After four years during which our costs have risen, we needed to increase rents to allow us to maintain the quality of our housing and keep investing in new projects.
But, at the same time, we knew our tenants’ day-to-day living costs had also increased. Our tenants across East Anglia were facing significant increases in their food and utility bills.
With a core objective of providing value for money and ‘Fairness’ being a core value, our top priority is to do the best we can for tenants in terms of affordability.
We began discussing this with our tenants during the budget rounds, and it went through our Tenants’ Forum, Operations Committee, and onto Strategic Board. Our tenant voice was clear: Find a way to balance continued investment with rent affordability.
Taking effect from 6th April, Havebury has therefore committed to limiting its 2020 rent rise to 2.2%, which is 0.5% below the 2.7% cap set by the government.
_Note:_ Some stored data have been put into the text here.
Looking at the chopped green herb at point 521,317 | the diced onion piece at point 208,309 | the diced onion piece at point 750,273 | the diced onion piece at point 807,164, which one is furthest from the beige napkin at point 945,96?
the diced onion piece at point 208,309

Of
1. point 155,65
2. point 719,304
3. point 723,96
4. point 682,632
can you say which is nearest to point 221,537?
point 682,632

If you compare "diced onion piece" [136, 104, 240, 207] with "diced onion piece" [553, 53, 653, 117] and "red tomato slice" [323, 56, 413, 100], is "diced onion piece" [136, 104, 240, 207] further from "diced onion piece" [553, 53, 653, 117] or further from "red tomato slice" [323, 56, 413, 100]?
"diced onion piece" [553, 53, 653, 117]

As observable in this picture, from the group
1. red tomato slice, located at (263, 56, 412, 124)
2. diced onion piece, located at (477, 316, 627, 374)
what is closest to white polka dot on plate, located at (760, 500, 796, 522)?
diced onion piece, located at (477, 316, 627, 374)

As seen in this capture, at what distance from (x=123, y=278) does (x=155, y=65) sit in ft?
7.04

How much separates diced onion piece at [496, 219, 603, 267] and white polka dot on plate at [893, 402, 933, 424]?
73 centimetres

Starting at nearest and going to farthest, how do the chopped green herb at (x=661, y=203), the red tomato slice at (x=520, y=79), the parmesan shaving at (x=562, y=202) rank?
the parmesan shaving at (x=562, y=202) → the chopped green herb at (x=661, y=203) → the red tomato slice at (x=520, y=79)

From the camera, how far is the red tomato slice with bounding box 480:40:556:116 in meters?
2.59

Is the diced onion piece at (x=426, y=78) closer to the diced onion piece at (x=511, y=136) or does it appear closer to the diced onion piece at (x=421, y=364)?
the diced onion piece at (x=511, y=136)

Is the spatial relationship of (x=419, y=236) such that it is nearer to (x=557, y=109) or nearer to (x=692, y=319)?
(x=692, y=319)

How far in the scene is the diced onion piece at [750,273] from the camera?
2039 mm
We appreciate that our rents are still increasing. However, this smaller rise will allow Havebury to continue to invest in new and existing homes as well as providing good, quality services and safe accommodation for all tenants, while ensuring our own staff are fairly remunerated.
How did we do this?
During the four years of rent reduction, through driving a strong culture of value for money, Havebury maintained its position as a top-quartile developer of new homes. By 2022, at the end of our current five-year plan, we will have grown by 20%.
We’ve also been able to significantly invest in our existing homes, with satisfaction in existing homes rising by just under 10% in the last five years.
By embracing technology, we have been able to move almost a quarter of our transactions through to our new app, myHavebury. We worked with tenants to design and build the app, which we developed in house, enabling tenants to identify and book a repair from end to end with no human interaction until the point at which the technician arrives at their door.
All this has helped us streamline the business, and we were thrilled last year to retain our G1V1 rating from the regulator following our IDA (in-depth assessment).
Inevitably, this is a matter of choice for all landlords and their tenants; many may have to consider raising rents by the full 2.7% to make up for the four years of reductions and invest in their services.
However, the ability of tenants to meet the new demands without compromising their quality of life was always at the forefront of our minds.